Look below for the line with "Linge De Cuisine". Retype it and every line after it to the end, exactly, but leave out the pictures.
┄┄┄┄┄┄
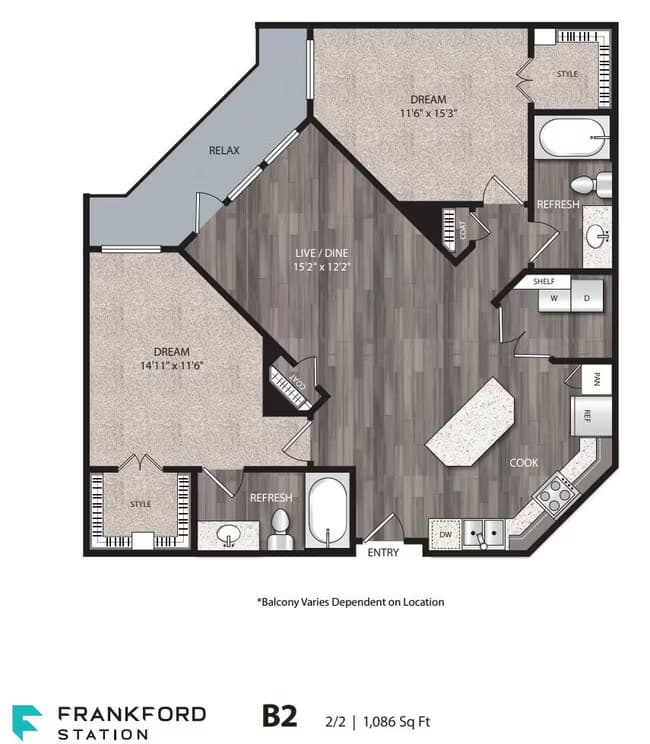 2 Bed 2 Bath 1310 floor plan
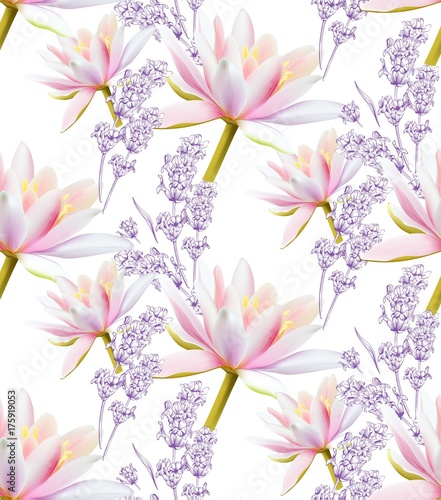 Water lily and lavender flowers pattern background Vector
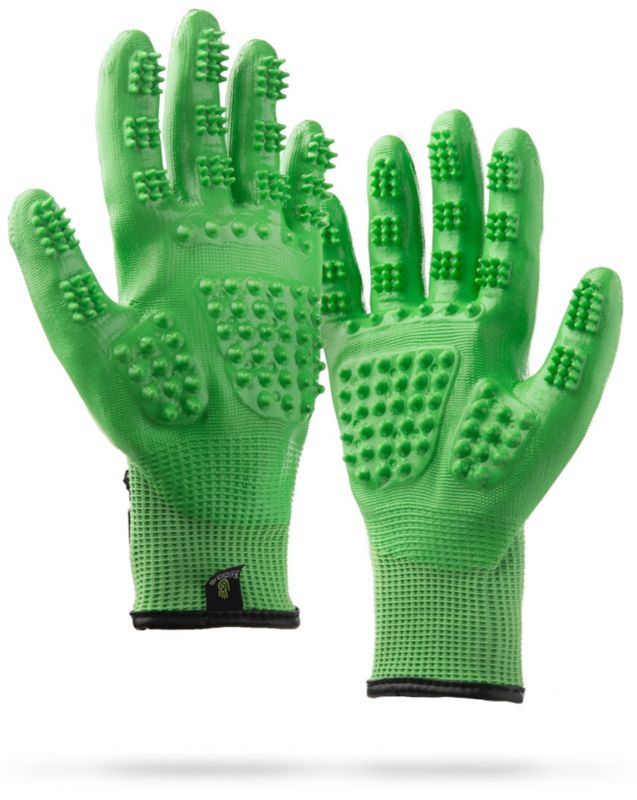 HandsOn Grooming Gloves Large Mono Green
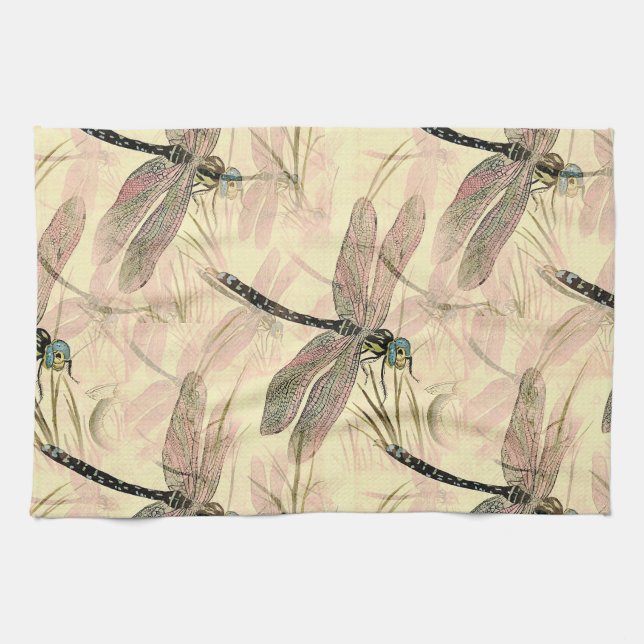 Linge De Cuisine Impression de libellules vintages (Horizontal)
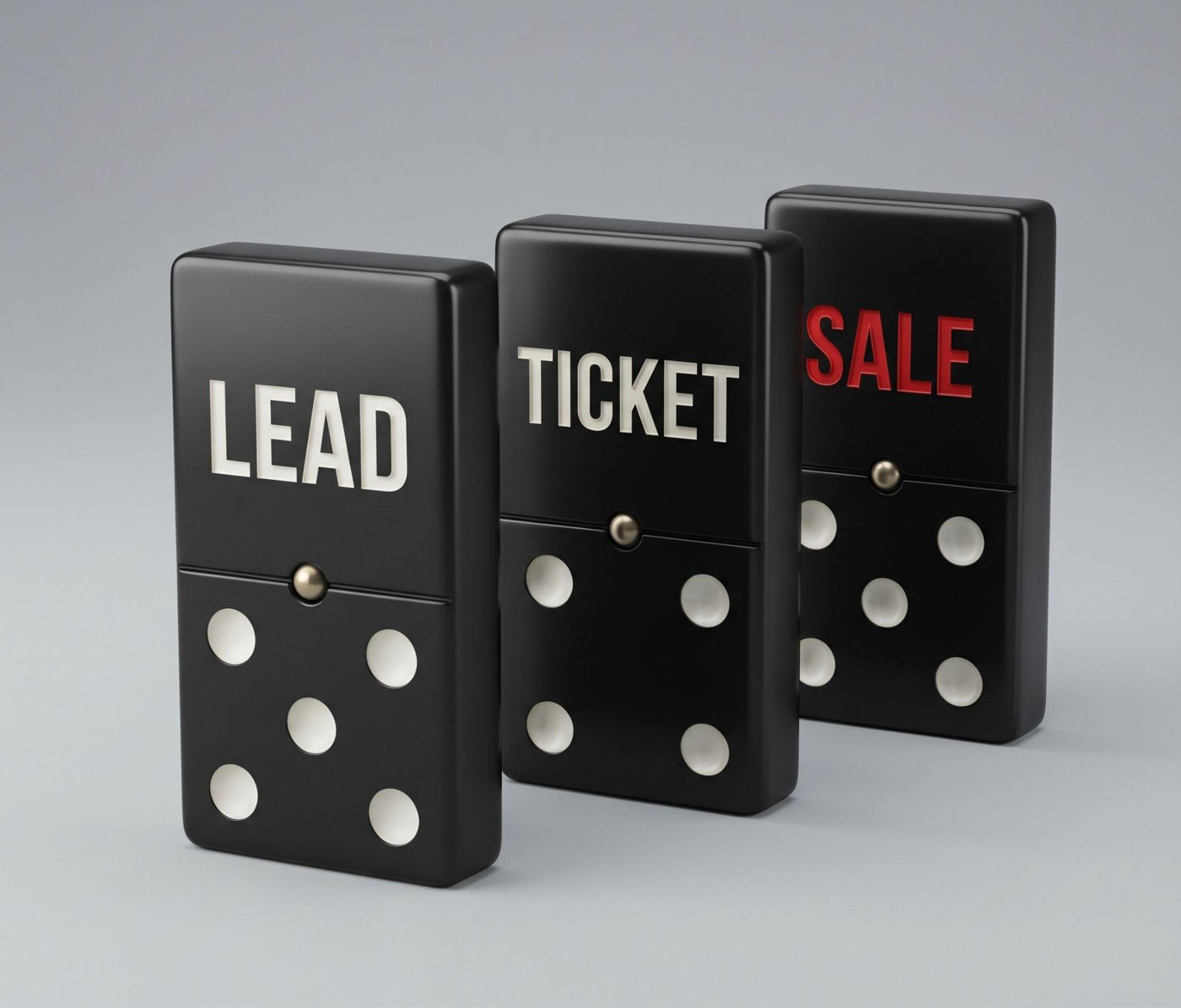 Drei Dominosteine mit den Aufschriften Lead, Ticket und Sale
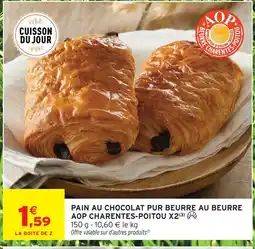 Intermarché Express Pain au chocolat pur beurre au beurre aop charentes-poitou x2 offre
┄┄┄┄┄┄
• [Expected output]:
 Linge De Cuisine Impression de libellules vintages (Horizontal)
 Drei Dominosteine mit den Aufschriften Lead, Ticket und Sale
 Intermarché Express Pain au chocolat pur beurre au beurre aop charentes-poitou x2 offre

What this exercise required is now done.